There seemed to be a collective sigh of relief from the western Canadian cattle and beef industry when it was announced that JBS would be taking over management of the XL Foods Lakeside beef plant in Brooks. The reality is that there was a very good possibility that the plant was not going to reopen unless a white knight came to the rescue.
The financial hit the Nilsson brothers were going to have to take along with the ongoing acrimony between them and the CFIA would have made the operation difficult to start up again. It’s been estimated that the losses, including recalls, lawsuits, hedges, contracts etc. will be around $100 million. JBS wisely separated itself from any outstanding or future liabilities incurred by XL Foods before agreeing to manage the plant.
The arrival of JBS to rescue the plant is no surprise. Company representatives at cattle industry events over the past year have indicated that they were actively looking for a way to expand their operations into Canada. For the giant global JBS organization, Canada was one of the last significant beef-producing countries where they did not have a serious presence. One suspects that JBS might already have had exploratory talks with XL prior to the E. coli debacle.
Clearly that event would have expedited any interest JBS had in acquiring XL. It seems to have the best deal — figure out if the plant can make money and if it does, buy it. If not, walk away.
But if the industry is now relieved that JBS has arrived to save the day, that morning-after feeling may not be so pleasant once the company figures out what it needs to do to get the plant back on its feet.
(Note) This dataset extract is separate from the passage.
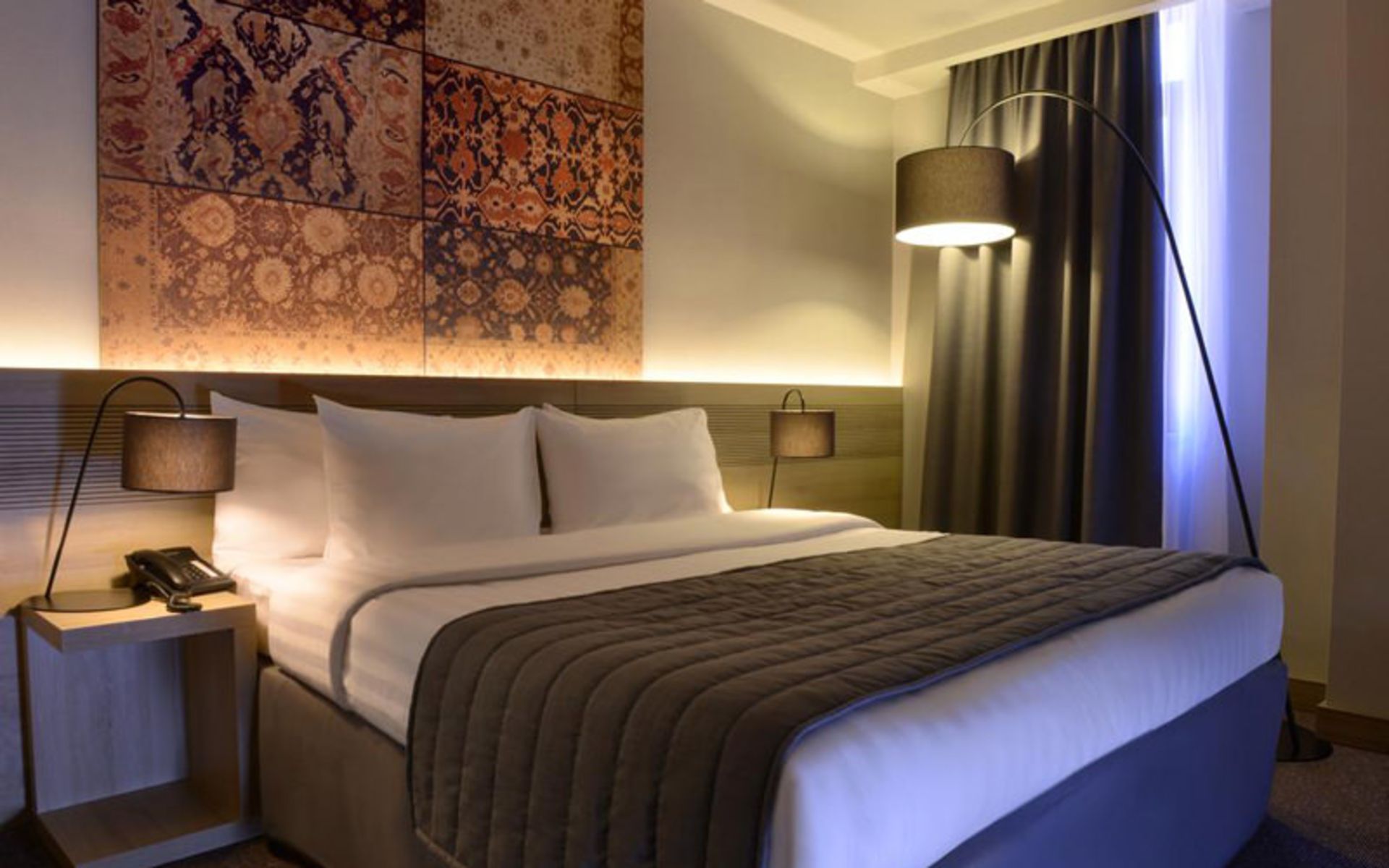 هتل ریپابلیکا ایروان (Republica Hotel Yerevan)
If there is one observation that the industry agrees upon it is that JBS knows how to operate big beef plants — its global success surely proves that. It has become known for acquiring processing plants that are in financial or operating difficulty and turning them around into viable operations.
The question that should arise for those who have a stake in the Brooks plant, from feedlot operators to plant workers, is how does it turn losers into winners? I expect the formula is pretty simple.
First the positive side of the formula — JBS’s expertise in massive production will see its experience used to streamline efficiencies in the plant like never before. Next, its global marketing presence bodes well for increasing Canadian beef exports to new markets. JBS is easily equal to, or even better at Cargill in competing for markets anywhere, and has the deep pockets to wage market share battles with anyone. In addition, its sheer corporate global size and expertise should garner it some respect from the prickly CFIA. That should help in re-establishing realistic plant food safety programs and inspection protocols.
There is of course the other side of the coin in achieving plant viability and profitability — cost reduction. There would be a number of ways to do that and a longtime operator like JBS would know all the angles. If one agrees that JBS knows how to operate a big, low-cost beef plant, it would surely know how to buy cattle at the lowest price.
I expect that after the initial honeymoon period is over, feedlot operators are going to be faced with newly inspired JBS cattle buyers who will do what they have to, to acquire cattle at the lowest price. The reality is that meat plants anywhere are not usually successful because they have an overly generous livestock-buying policy.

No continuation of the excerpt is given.